## Encoding and Decoding when working with Text

The way computers interpret texts is different than the way we interpret texts. For us, we can simply read the text as it is and be able to recognize what it means. However, computers do things a little differently. Instead of storing the actual "letters", "numbers", or any kind of data, everything all real world data are represented by *bits*, 0's and 1's.

Now the way a "number" is represented in a computer's memory is as a binary number, a number expressed as a combination of 0's and 1's.

For example:
![](../binary_number_system.png)

But binary numbers can become too long, so we can shorten binary numbers by converting them to hexidecimals using the table below. Starting from the right, every 4 binaries will be converted to 1 hexidecimal.

![](../hexadecimal-number-chart.jpg)

For the example above, the equivalent hexidecimal to the binary number `11101110` is `EE`.

Thus, `119` = `11101110` = `EE` using the systems described above.

In a computer, 8 binary numbers = 1 byte

### Encoding and Decoding

There are numerous ways to convert "letters" to *bits*, called **encoding**. Different computers have different encoding methods due to difference in operating system, languages, etc.

In the past, [American Standard Code for Information Interchange](http://www.asciitable.com) (ASCII) was the standard character encoding across computers. But the number of ways to encoding a character using the ASCII table is very limited. If you clicked on the link, you'll see that there are only 256 character encodings. This means that we would have no way of converting words that are in other languages into *bits*. This is many more character encoding systems have be developed based off of the ASCII character encoding system to be able to encoding more characters. The one character encoding system we use in this class is `UTF-8`, which can handle many more characters. 

**Encoding** basically takes in a string and converted each of the characters, using some kind of encoding system, into computer data, 0's and 1's. 8 binary numbers is equivalent to a byte (computer memory).

**Decoding** is basically the reverse of encoding. Decoding takes in computer data, 0's and 1's, and convert it to text that we are able to intrepet. When decoding, we must specify a character encoding system in order to decoding computer data correctly. Otherwise, we may get garbage text that we cannot understand (example below).

Basically, imagine you want to pass a note to your classmate, but you don't want to have other people know what you're reading. You develop some kind of encoding system where each "letter" maps to some number, and you pass this encoding letter to your friend. But in order for your friend to decode the letter, you must also tell him or her what kind of encoding system you used. This may sound very inefficient if we were to do it, but it is very efficient for a computer.

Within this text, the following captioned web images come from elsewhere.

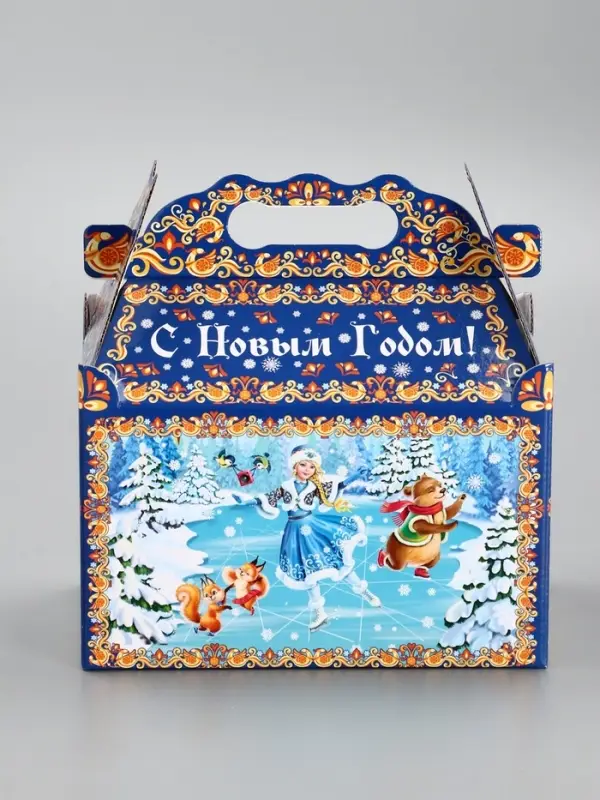 Подарочная новогодняя коробка «Олимпиада», для сладких подарков, 20×12×19 см Подарочная новогодняя коробка «Олимпиада», для сладких подарков, 20×12×19 см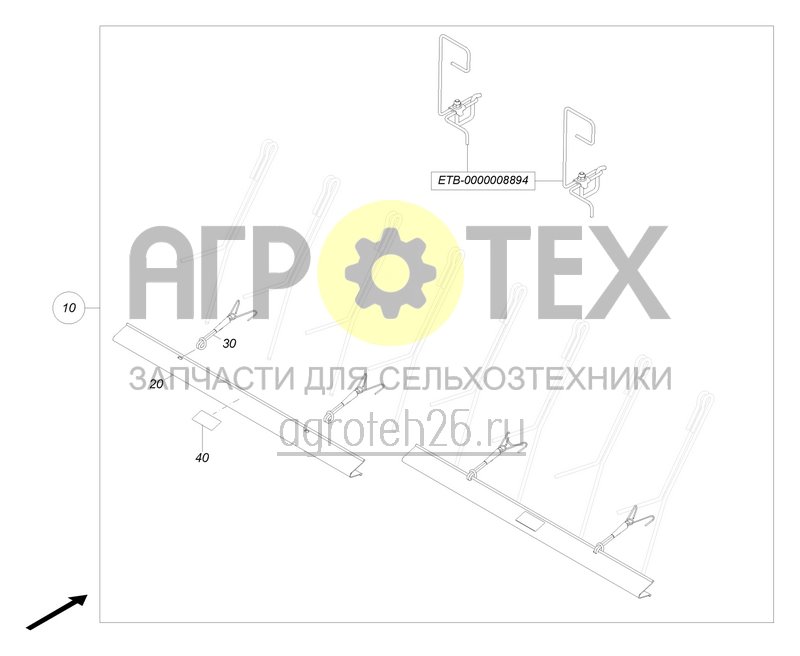 Чертеж  Verkehrsicherungsleiste (ETB-0000008940) 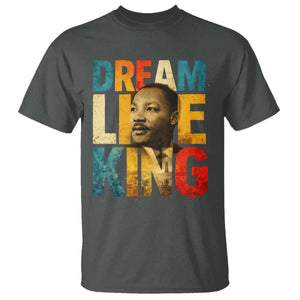 Black History Month Martin Luther King Day T Shirt I Have Dream TS10 Dark Heather Print Your Wear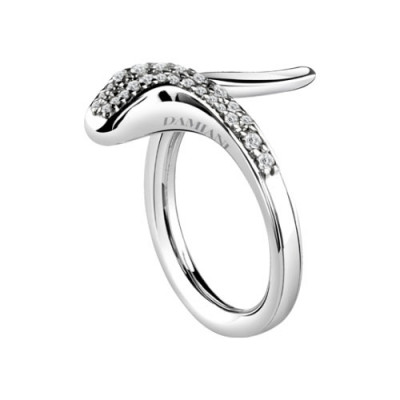 Anello in oro bianco e diamanti 
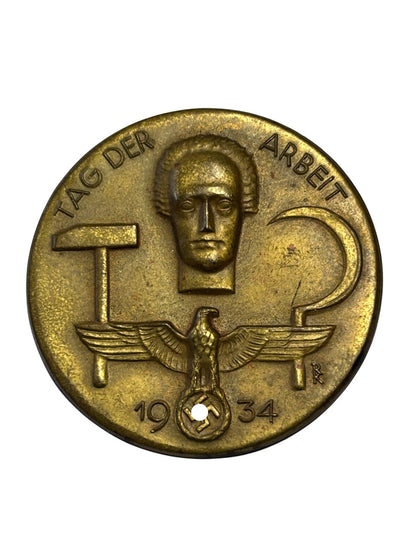 NSDAP Labour Day 1934 Tinnie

$$\text{text} \xrightarrow{\text{encoding}} \text{computer data}$$

$$\text{text} \xleftarrow{\text{decoding}} \text{computer data}$$

More details and examples if you're interested: http://kunststube.net/encoding/

### 1. Encoding

Let's try to encode some text using the ASCII character encoding system first and see how limited it is.

In [1]:
string = 'Hello World!'
string_encoded_ASCII = string.encode('ASCII')
string_encoded_ASCII

b'Hello World!'

You can see that if we try to encode a string, the output is the same string except with a b in front. The b means that the thing following it is a bytes type. You don't really have to understand the concept of bytes types for this lecture.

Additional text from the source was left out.